Difference between vegans and vegetarians: What is the key?
Vegan or vegetarian? Is it the same or are worlds apart? If you are starting in this type of food or you simply feel curiosity, here in Shlen we tell you everything clearly, without judgments and with the information you really need.
Vegetarianism: an incomplete approach
Some people identified as vegetarians avoid consuming meat and fish (including beef, birds or seafood), but continue to consume by by -products of animal exploitation such as dairy, eggs or honey. This position presents fundamental ethical contradictions:
- Ovolactavegaranos: consume dairy and eggs
- Lactovegetarians: They drink milk but reject eggs
- Ovovegetarians: They consume eggs but avoid dairy
These variants, although they reduce direct consumption of meat, continue to finance industries that systematically exploit, damage and finally kill non -human animals.
Veganism: fundamental ethical coherence
Veganism is an irrevocable moral principle that rejects all forms of animal exploitation. It is not a “diet” but a commitment of justice that applies to all areas:
- Power: elimination of meat, dairy, eggs, honey and animal derivatives
- Consumption: rejection of leather, wool, silk and products tested in animals
- Ethics: Recognition of the inherent right of animals not to be considered property
This position is the only one that consistently responds to scientific evidence on animal syntiance and significantly minimizes the ecological footprint.

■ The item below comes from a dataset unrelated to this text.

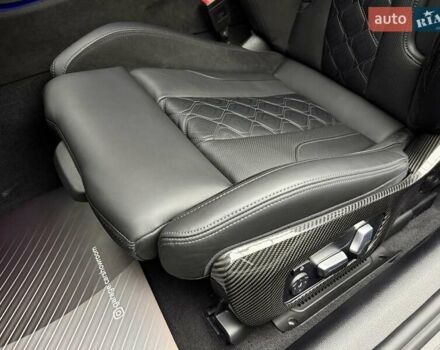 Синий БМВ M8, объемом двигателя 4.4 л и пробегом 13 тыс. км за 149900 $, фото 30 на Automoto.ua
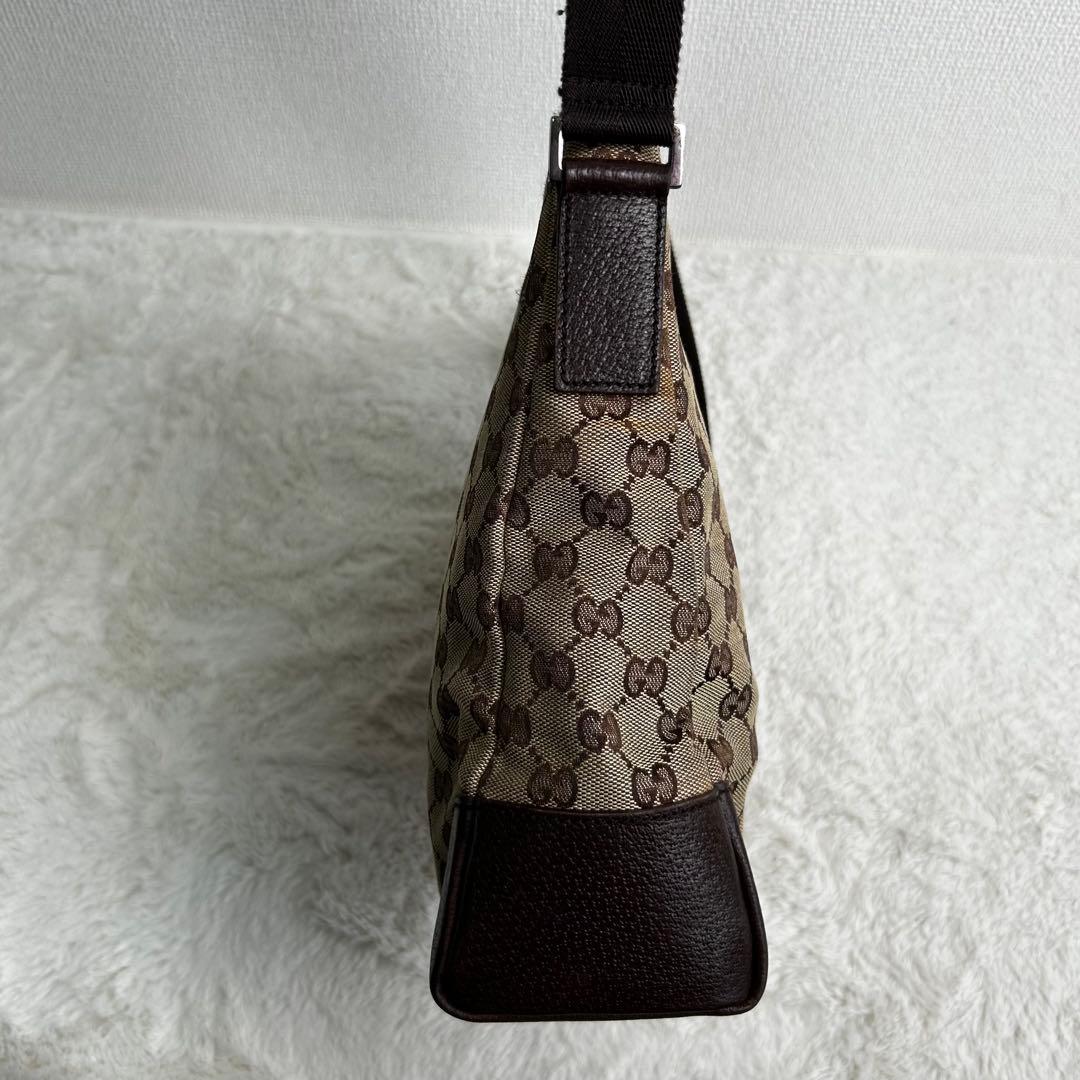 GUCCI 大きめ　メッセンジャーバック　GG柄　キャンバス　斜め掛け　茶色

MOTIVATIONS: When coherence makes a difference
While some people adopt vegetable diets for health or environment, only veganism addresses the root of the problem: the reification of sensory individuals. “Partial” motivations ignore that:
- The dairy industry implies the theft of young and the murder of exhausted cows
- Egg production condemns male chicks to crushing or suffocation
- Any use of animals such as resources perpetuates its property status
Collateral benefits and practical considerations
Although a properly planned 100% vegetable food offers healthy benefits (weight control, lower cardiovascular risk), its central value is ethical. Nutrients such as B12 (also supplemented in farm animals), iron or omega 3 are easily obtained by:
- Fortified food
- Responsible supplements
- Food diversity
In Shlen we always recommend specialized nutritional advice to guarantee full health in this ethical commitment.

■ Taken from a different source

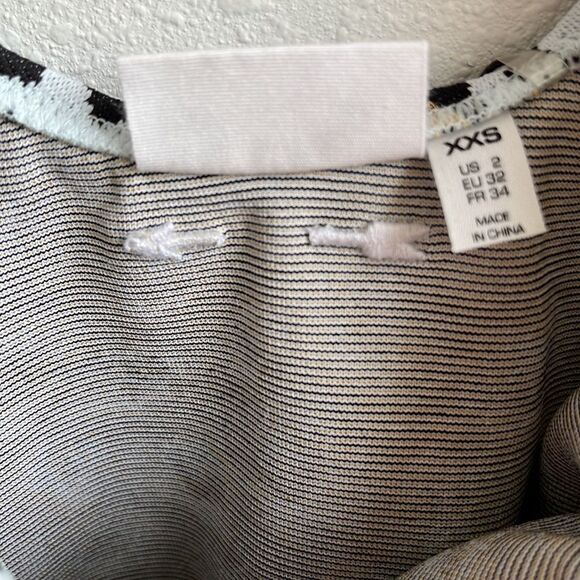 The Upside Ice Blue Leopard Crop Top Women’s Size XXS - Picture 6 of 6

The only morally consistent choice
Given the evidence of industrialized animal suffering, veganism emerges not as an “option” but as a minimum ethical imperative:
- Vegetarianism continues to finance systematic killings (dairy cows, exhausted chickens))

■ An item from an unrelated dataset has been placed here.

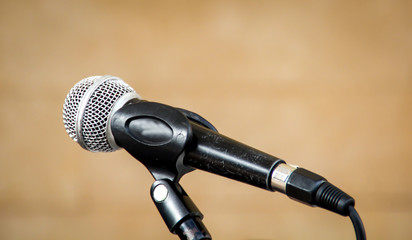 Mikrofon ist bereit für den Einsatz, das Konzert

- Only the total rejection of animal exploitation avoids complicity with its suffering
- Reduce consumption without eliminating it perpetuates the demand for cruelty
In Shlen we maintain that moving towards truly aware decisions requires sitting inks. Adopting veganism is not a “lifestyle”, but the basic recognition that non -human animals are not our resources.
The fundamental thing is to act with ethical coherence, rigorous information and the conviction that no momentary pleasure justifies the suffering of a symptoms.